Onlangs heeft Peter de productie in eigen handen genomen en nu wacht hem een nieuwe uitdaging. "De markt wordt overspoeld door machines uit China. Prijstechnisch valt daar niet tegen te concurreren. Wij moeten het hebben van kwaliteit, service en consistentie. Als je in China een machine koopt, zijn de elektriciteitsdraadjes de ene keer groen en de andere keer blauw. Bij ons is de uitvoering constant.”

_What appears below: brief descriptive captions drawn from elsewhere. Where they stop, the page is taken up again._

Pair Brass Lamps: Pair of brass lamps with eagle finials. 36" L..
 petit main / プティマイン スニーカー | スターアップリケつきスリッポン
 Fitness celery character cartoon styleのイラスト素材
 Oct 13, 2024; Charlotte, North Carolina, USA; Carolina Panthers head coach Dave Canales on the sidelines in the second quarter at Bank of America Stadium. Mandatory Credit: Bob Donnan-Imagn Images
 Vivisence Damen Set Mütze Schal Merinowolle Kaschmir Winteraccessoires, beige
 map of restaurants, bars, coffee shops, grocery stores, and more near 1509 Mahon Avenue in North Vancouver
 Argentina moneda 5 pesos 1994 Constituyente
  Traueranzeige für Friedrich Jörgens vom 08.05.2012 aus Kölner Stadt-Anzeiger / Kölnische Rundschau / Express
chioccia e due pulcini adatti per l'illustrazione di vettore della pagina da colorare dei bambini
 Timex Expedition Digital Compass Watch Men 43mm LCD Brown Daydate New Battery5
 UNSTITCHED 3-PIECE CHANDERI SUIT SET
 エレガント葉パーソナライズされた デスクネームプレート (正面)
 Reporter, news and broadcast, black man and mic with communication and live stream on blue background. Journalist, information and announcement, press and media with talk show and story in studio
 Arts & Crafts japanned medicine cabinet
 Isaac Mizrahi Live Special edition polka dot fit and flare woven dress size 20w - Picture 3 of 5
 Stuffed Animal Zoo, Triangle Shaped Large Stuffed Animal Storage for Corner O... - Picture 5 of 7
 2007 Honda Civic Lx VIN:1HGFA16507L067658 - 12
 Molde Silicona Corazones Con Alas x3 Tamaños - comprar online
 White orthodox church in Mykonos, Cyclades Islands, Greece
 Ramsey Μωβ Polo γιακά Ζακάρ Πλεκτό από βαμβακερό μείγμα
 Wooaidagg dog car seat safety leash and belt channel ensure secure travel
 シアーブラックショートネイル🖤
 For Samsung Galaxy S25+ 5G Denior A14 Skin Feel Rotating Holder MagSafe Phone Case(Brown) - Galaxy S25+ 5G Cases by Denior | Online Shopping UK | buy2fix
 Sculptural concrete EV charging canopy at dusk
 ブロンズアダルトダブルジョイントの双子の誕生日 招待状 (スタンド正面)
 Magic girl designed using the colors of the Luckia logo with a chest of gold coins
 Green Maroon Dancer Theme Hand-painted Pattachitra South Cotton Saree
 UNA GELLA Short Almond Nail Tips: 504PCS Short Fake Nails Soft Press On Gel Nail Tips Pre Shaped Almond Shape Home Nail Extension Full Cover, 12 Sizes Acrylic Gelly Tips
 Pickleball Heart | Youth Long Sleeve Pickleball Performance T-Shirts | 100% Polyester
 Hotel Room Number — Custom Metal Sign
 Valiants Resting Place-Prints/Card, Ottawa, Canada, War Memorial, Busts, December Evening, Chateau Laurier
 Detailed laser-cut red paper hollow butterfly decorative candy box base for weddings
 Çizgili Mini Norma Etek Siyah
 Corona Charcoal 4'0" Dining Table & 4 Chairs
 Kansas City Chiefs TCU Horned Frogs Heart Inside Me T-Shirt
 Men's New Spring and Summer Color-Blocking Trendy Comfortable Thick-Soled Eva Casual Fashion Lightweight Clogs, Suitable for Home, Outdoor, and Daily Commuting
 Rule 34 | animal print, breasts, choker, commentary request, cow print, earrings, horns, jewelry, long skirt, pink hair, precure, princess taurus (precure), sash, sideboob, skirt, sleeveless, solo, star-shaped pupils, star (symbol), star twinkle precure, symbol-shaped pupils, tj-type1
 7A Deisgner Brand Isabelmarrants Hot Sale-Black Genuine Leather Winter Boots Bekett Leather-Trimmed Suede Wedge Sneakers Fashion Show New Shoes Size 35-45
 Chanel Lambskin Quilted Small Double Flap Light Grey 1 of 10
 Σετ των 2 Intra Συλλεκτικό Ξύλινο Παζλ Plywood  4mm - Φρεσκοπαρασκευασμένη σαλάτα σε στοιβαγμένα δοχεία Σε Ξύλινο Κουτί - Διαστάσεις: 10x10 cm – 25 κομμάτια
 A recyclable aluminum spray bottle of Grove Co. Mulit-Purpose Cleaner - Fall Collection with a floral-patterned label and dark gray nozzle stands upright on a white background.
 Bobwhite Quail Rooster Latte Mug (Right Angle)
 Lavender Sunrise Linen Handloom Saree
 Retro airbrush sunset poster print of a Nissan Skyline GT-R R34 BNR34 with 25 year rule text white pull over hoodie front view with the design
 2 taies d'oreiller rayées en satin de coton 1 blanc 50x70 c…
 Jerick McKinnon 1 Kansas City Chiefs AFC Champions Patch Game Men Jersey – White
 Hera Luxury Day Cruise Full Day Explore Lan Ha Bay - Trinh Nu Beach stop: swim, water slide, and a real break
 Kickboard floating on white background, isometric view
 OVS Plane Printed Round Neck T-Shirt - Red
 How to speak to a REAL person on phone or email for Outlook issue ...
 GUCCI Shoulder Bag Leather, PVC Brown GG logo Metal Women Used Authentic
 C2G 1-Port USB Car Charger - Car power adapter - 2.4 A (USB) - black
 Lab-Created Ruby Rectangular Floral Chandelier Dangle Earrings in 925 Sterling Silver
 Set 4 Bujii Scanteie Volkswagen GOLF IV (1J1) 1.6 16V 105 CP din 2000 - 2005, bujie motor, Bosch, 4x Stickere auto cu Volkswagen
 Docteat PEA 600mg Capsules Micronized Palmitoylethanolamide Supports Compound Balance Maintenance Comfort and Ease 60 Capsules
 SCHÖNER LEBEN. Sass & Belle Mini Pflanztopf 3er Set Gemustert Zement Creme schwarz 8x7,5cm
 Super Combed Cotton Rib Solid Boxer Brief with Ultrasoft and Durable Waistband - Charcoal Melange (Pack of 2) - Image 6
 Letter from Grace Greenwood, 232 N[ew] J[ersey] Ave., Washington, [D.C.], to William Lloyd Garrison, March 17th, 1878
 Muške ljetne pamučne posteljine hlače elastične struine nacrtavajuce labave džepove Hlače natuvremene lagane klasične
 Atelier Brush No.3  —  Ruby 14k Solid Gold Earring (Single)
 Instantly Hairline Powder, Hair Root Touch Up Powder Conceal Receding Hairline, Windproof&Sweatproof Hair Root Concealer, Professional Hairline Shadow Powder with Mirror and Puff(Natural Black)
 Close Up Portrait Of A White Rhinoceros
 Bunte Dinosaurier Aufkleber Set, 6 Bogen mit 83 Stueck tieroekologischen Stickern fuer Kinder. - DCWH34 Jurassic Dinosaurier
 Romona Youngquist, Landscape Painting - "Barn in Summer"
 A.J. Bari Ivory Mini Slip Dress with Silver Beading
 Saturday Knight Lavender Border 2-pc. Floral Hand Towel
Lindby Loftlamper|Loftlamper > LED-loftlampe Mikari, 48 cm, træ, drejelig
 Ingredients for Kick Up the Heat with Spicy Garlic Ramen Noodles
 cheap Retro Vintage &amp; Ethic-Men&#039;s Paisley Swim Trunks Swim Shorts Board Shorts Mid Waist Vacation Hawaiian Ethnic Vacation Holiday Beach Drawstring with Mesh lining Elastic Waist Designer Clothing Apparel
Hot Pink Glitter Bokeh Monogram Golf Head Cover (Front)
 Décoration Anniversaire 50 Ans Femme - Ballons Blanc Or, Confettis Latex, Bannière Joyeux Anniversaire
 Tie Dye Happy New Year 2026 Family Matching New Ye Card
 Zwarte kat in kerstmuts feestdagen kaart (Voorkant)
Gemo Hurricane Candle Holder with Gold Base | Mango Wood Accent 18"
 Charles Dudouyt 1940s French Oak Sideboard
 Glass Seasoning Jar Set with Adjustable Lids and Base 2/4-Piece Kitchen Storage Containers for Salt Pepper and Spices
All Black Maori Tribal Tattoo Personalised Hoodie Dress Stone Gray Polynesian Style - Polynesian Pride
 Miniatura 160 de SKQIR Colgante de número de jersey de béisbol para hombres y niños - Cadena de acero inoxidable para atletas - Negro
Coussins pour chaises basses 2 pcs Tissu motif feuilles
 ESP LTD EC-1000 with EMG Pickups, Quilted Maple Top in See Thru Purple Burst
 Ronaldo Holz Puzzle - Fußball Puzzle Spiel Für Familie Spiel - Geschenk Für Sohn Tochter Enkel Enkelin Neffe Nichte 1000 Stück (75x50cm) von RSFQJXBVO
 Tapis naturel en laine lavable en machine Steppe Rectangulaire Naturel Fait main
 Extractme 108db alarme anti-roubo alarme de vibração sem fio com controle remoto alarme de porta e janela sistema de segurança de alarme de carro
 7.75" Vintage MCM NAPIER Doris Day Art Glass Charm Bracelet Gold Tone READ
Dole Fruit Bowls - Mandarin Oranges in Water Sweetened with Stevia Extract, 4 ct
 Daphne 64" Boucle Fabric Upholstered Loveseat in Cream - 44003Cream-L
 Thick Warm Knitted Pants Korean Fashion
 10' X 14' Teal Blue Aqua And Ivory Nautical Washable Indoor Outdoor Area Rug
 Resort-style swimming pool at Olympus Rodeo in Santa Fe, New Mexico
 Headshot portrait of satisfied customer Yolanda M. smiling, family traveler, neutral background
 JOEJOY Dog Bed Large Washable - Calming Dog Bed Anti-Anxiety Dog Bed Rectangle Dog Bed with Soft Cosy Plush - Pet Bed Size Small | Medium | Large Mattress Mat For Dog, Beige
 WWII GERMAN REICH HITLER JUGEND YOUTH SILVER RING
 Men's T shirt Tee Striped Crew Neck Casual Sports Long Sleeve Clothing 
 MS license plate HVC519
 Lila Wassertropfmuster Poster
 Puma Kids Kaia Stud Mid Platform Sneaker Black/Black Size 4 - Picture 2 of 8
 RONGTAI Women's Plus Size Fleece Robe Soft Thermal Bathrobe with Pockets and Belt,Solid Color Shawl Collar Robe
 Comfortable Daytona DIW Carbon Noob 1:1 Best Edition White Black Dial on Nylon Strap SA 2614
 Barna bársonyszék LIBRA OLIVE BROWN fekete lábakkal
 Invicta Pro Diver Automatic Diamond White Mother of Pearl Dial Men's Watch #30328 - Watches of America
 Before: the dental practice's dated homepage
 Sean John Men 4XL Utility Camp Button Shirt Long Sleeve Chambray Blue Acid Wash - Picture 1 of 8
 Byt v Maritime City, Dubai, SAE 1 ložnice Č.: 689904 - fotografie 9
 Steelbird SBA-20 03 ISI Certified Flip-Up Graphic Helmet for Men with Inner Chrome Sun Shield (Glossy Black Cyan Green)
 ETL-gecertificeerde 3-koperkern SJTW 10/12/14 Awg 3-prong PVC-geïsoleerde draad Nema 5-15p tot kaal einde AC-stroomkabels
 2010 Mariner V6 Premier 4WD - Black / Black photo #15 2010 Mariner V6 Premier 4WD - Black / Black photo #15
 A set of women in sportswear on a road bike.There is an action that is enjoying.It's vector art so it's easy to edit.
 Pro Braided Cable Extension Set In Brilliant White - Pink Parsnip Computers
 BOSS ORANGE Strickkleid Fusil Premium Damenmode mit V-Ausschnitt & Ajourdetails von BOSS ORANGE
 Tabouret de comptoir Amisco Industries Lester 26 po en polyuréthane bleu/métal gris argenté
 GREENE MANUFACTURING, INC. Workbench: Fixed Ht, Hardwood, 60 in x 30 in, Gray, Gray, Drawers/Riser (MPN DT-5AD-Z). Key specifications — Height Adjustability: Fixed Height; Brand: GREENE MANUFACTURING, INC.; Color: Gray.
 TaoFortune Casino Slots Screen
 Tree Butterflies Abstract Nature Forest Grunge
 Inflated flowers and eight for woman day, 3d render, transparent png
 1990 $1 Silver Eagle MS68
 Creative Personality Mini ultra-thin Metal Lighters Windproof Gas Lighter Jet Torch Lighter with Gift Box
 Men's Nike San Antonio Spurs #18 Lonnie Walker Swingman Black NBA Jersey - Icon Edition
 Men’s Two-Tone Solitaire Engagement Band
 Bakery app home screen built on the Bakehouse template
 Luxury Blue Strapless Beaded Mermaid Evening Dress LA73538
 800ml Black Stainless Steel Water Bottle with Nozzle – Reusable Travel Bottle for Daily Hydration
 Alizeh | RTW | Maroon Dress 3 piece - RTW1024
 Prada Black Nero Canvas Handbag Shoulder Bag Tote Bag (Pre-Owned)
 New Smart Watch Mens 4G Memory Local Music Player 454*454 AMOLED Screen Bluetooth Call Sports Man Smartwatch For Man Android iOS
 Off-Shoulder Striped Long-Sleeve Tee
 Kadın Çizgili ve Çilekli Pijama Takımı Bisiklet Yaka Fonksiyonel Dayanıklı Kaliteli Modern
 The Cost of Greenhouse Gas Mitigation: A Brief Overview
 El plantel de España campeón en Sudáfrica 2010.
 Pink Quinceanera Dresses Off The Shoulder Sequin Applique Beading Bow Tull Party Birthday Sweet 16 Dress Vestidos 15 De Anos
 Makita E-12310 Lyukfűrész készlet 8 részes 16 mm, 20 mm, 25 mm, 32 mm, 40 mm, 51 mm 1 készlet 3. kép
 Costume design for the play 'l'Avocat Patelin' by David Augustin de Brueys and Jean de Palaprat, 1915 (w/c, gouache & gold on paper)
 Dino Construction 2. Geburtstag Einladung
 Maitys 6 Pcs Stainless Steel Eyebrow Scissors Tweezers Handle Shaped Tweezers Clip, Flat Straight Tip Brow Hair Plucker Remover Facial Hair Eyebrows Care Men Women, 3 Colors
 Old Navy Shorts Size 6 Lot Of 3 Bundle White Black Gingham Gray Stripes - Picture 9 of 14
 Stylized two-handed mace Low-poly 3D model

Peter is getrouwd met een Braziliaanse en vader van twee dochters. Hoewel hij nog regelmatig op Texel is om zijn ouders bezoeken - en hij nog altijd de Texelse Courant leest die zij voor hem bewaren - heeft Peter maar een paar Texelse klanten. "We zijn een internationaal bedrijf, maar op het eiland zijn we relatief onbekend. Dat is jammer. Ik hoor wel dat oud-eilandgenoten de grens oversteken om een bepaalde machine te kopen. Terwijl wij bij wijze van spreken om de hoek zitten.” Lachend: "Misschien dat dit interview daar verandering in brengt.”


Joop Rommets

Samen met zijn vader maakte Peter als 14-jarige jongen een hovercraft.